The Senior, Part Seventeen
Part Seventeen
Against my better judgment, I decided to go with Jade’s idea.
We did need to talk. She was a lot more familiar with the school than I was, and a secluded location meant we wouldn’t get interrupted or overheard. Of course, I knew that going somewhere she suggested meant being on her ‘home turf;’ while Jade didn’t seem like the theatre type, she could still know the department well. As I made my way back inside and across the school, I reminded myself that I wasn’t committed to any of this. If whatever she had in mind was too risky, I could always just turn around.
It took a few minutes for me to reorient myself with the half of the building that I was less familiar with; there was enough signage for me to find the auditorium, plus I had a vague memory of the school’s layout to fall back on. As I stepped into the performance space, I let out a sigh of relief. It was totally empty. That included Jade, however. Glancing around for a moment, I then remembered that her text had said ‘backstage.’ The curtains were down at the front of the room, so I ventured towards the stage and wandered through a side door that looked like it led back there.
Jade was easy enough to find. She was perched on a nearby stool, reading some script until she noticed me out of the corner of her eye. “Oh, hey!” She hopped up and set the little book down behind her, “For a minute, I thought you were going to bail on me.”
“Is this a good place to talk?” I asked. Sure, it was secluded right now. As I just learned from my arrival, however, was that anyone could come in from anywhere. The side I just used, as well as the opposite one, not to mention the curtain itself and maybe another door or two I hadn’t spotted yet. Even if there wasn’t something scheduled in here, Jade probably wasn’t the only student around who was inclined to skip class with a spot like this. Or perhaps someone involved in the department preferred the stage to the cafeteria for lunch.
She replied, “Kind of. Follow me.”
As usual, she had a way of drawing my eye. The sway of her hips as she sauntered away in a rather short skirt was difficult to ignore. For a moment, at least, before I came back to my senses and averted my gaze. Then I let her lead me to a place that really wasn’t that far.
She opened a door around the corner that I recognized right away as some sort of costume storage. Addressing my internal concerns, no doubt because she was thinking along the same lines, Jade said, “No one should be coming in here any time soon. Better than standing around backstage, right?”
Well, kind of. If somebody did happen to do so, it would look a lot more suspicious for me to be in such a private place with a student. At the same time, she was right. I had already considered that talking behind the curtain didn’t look great when I had no reason to be over here on my second day of teaching, when anyone could show up at any minute.
“Just to talk,” I asserted.
“Just to talk,” she echoed, glancing over her shoulder with a smile.
I couldn’t help but think back to the Jade from the bar. The girl who was so self assured and so easy to converse with once she established me as her social shield from unwanted guys. If only talking with her was as easy as it was then.

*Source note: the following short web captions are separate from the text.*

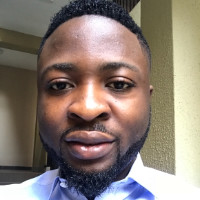 Olatunji Arogbonlo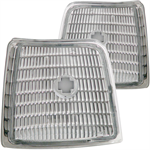 Side Marker Light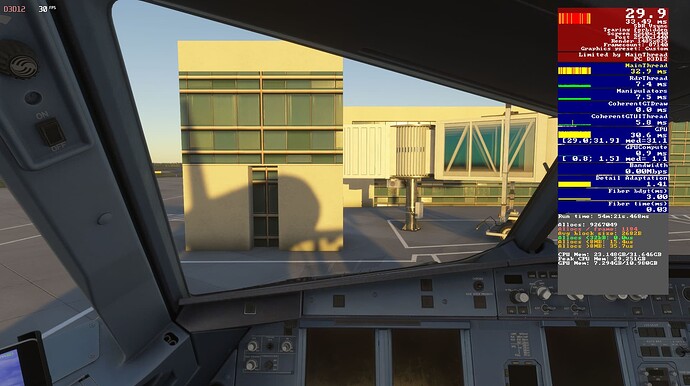 Screenshot 2024-12-01 083951
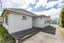 10 Taurima Street, Hei Hei, Christchurch - Carousel 19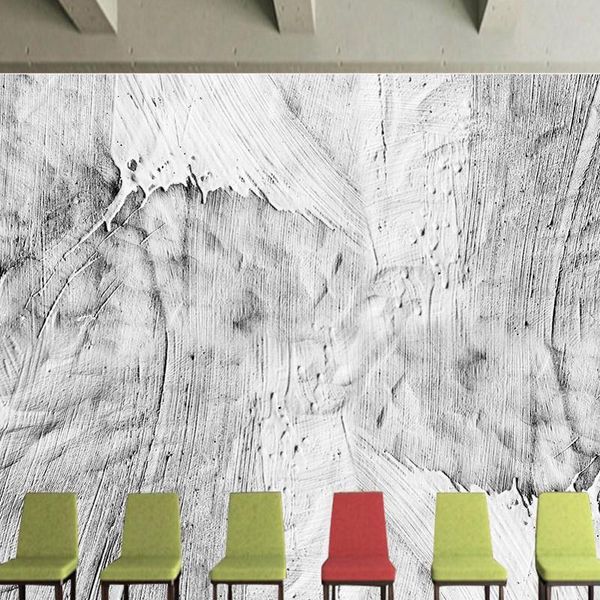 wallpapers dropship custom wallpaper gray cement wall industrial wind retro background nostalgic bedrooms
wallpapers dropship custom wallpaper gray cement wall industrial wind retro background nostalgic bedrooms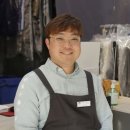 세미나세탁소 이미지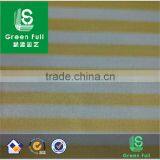 0.9x4.9M 100% New HDPE Sun Shade Sail Net With Straight Edge Alu Eyelet Balcony Fence Net With Rope for Balcony Quality Choice thumbnail-3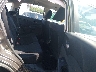 5J6RM3H33DL****** Wrecked 2013 Honda CR-V in Raleigh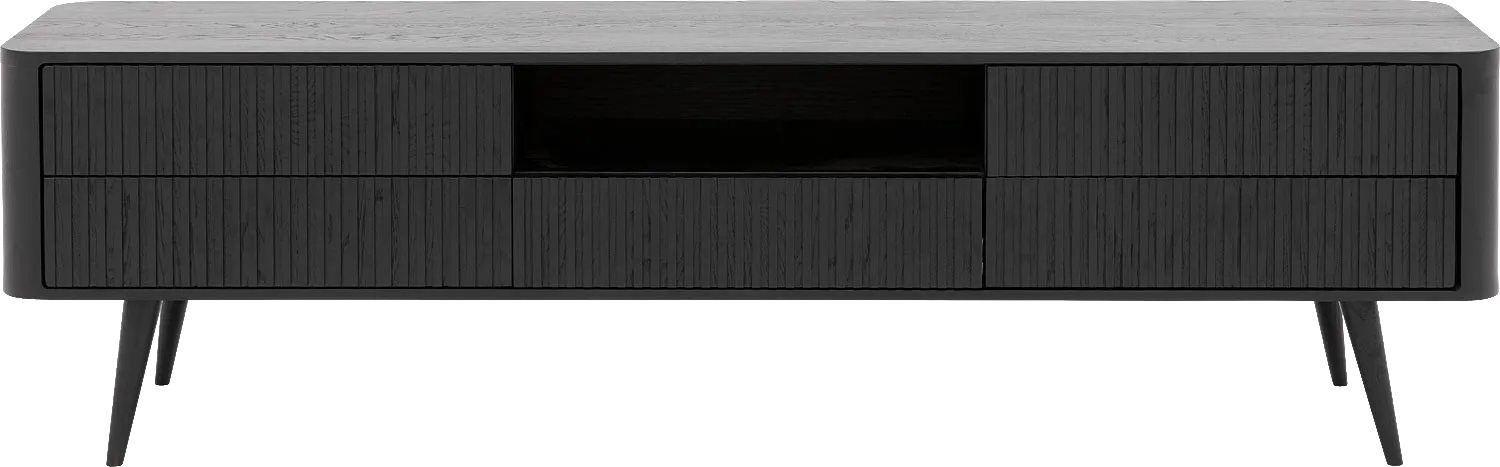 Tv Meubel Seppe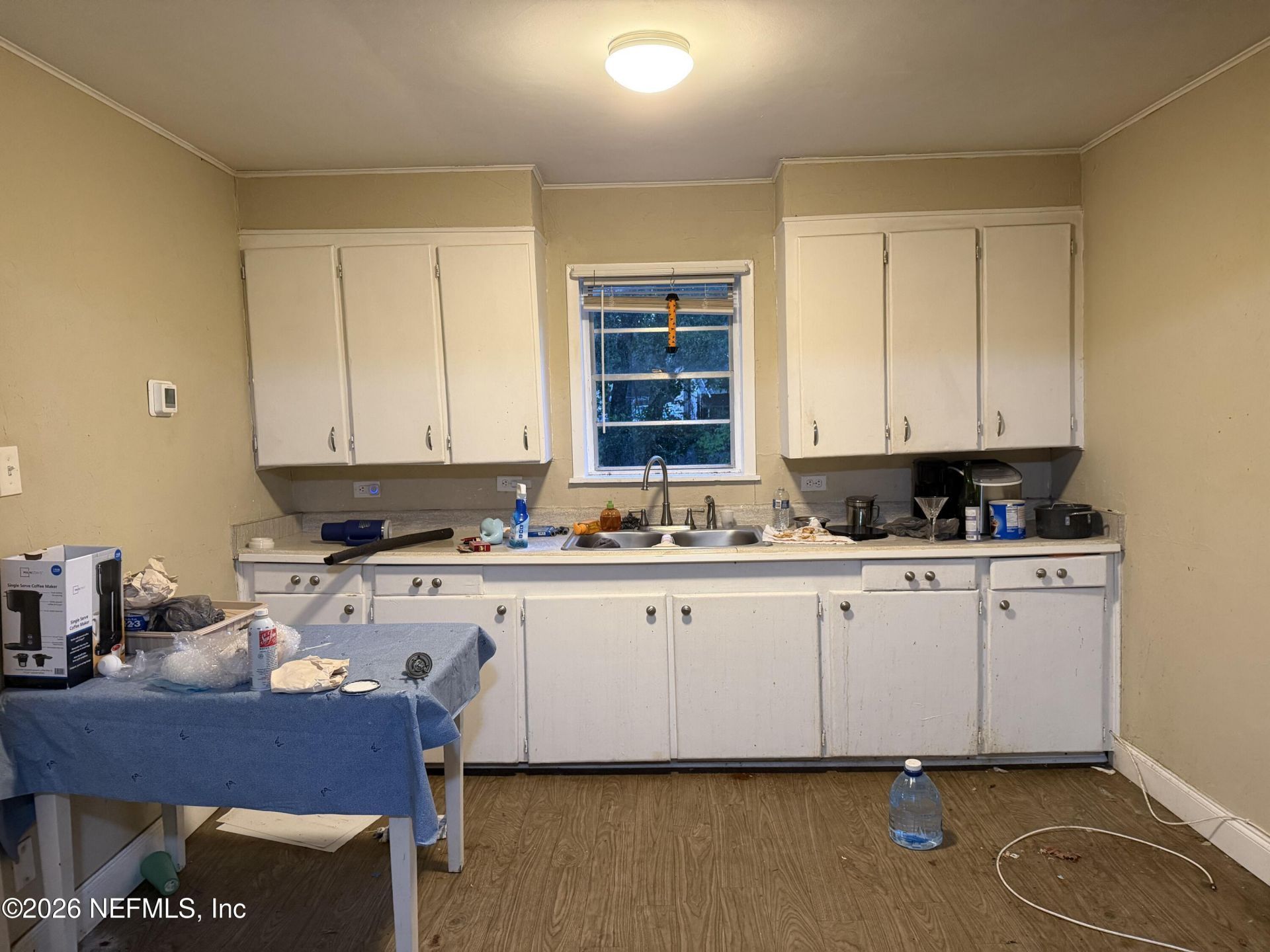18737 Charlotte Avenue, Brooker, FL 32622 Photo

It was more of a costume room than a costume closet, thankfully. I definitely wouldn’t have followed her into a space that was too cramped or confined, even if it was objectively better than where we had just been standing. Closing the door behind us, glad to see her turn into an area that couldn’t be directly seen if someone did need to come in here despite her assurances, I launched into things myself. If I had learned one thing from yesterday, it was that Jade was good at flustering me and making things more confusing than they had to be. Almost as if I had seen her naked or something, with the promise of more to come.
So, getting right into it, I said, “Okay. The thing is, I could get fired for this. Any of this. All of this. Drinking with you, inviting you over to my place.” To some degree, this was my fault for making assumptions, and I wasn’t about to imply that I was blameless. “Yes, you’re legally an adult, but you’re still a high school student.”
To her credit, she didn’t counter with something right away, though it didn’t take long. Leaning against the sewing table next to her, she said, “So, you’d hook up with me a day after graduation? Or an hour after the ceremony, maybe?”
With a different tone, it would’ve sounded like a bratty clarification, but she actually sounded curious and a bit skeptical. “Not exactly,” I replied. That would look pretty bad as well, even if we waited until she was officially done with school. “I’m just saying, there are rules.”
Jade just sighed. “I guess. But we already broke those rules. And so far, you’ve only mentioned why we shouldn’t. What about the rest? Do you want me? Would a secret like this excite you like it excites me?”
“That’s not the point,” I said, internally wincing as the words left my mouth. A non-answer like that was just as bad as obviously guilty witnesses pleading the fifth in courtroom dramas.
“Then what is the point?” Jade asked, “That you could get in trouble? For fucking an eighteen year old girl who’s into you?”
Umm, yes. Except I wouldn’t put it like that.
Before I could respond, she went on, “Well, how about this? If I promise to drop your class, can we at least make out right now?”